◆ **PROBLEM TO WORK ON**: All lines from the one with "Alice and Olivia JULIETTA MINI SLIP DRESS" to the end of the listing below are to be transcribed exactly; both end lines are included, and no other lines are.
[INPUT]
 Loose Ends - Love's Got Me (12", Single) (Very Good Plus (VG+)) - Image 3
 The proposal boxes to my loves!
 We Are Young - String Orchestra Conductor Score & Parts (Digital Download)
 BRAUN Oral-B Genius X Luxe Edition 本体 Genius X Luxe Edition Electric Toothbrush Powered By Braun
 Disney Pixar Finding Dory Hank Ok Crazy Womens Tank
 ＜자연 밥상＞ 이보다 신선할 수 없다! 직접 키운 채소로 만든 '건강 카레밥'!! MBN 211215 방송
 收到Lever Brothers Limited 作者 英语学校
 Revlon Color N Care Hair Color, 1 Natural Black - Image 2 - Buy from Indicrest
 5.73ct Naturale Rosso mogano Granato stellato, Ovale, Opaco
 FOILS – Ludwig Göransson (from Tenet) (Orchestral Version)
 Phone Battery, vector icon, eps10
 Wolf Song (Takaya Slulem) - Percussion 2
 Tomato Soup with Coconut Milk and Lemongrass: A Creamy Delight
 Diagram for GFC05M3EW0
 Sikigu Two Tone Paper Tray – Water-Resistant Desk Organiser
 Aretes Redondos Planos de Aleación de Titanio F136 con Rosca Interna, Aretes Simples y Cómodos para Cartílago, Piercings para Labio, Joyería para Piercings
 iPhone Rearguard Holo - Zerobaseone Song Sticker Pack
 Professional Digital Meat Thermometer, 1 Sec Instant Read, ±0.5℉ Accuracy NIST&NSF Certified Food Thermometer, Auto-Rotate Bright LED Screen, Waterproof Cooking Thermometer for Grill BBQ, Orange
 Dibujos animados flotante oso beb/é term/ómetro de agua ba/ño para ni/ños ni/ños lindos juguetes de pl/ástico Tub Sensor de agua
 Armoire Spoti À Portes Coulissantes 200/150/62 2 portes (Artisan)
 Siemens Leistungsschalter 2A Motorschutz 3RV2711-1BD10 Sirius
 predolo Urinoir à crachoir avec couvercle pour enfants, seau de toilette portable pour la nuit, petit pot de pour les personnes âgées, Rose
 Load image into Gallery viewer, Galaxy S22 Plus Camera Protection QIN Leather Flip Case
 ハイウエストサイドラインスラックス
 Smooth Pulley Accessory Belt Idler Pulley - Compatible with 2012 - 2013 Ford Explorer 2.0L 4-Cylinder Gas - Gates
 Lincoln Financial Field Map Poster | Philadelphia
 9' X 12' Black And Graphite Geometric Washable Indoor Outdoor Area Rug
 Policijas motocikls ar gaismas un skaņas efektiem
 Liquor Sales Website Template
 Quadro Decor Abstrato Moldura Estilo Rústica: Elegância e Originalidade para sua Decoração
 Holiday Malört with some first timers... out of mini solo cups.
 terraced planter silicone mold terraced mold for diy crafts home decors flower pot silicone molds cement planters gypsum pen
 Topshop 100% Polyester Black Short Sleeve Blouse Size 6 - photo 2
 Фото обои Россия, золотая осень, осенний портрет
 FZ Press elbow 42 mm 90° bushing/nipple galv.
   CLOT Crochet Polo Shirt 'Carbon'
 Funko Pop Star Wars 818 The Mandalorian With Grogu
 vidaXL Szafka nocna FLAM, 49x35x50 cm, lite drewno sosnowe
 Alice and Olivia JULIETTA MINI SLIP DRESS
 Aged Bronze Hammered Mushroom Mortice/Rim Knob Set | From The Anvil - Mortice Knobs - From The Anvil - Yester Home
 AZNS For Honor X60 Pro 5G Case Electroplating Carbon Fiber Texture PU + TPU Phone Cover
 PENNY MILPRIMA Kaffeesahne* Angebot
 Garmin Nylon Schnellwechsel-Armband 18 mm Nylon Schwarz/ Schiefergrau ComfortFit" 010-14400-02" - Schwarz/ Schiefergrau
[/INPUT]
◆ **RESULT OF THE TASK**:
 Alice and Olivia JULIETTA MINI SLIP DRESS
 Aged Bronze Hammered Mushroom Mortice/Rim Knob Set | From The Anvil - Mortice Knobs - From The Anvil - Yester Home
 AZNS For Honor X60 Pro 5G Case Electroplating Carbon Fiber Texture PU + TPU Phone Cover
 PENNY MILPRIMA Kaffeesahne* Angebot
 Garmin Nylon Schnellwechsel-Armband 18 mm Nylon Schwarz/ Schiefergrau ComfortFit" 010-14400-02" - Schwarz/ Schiefergrau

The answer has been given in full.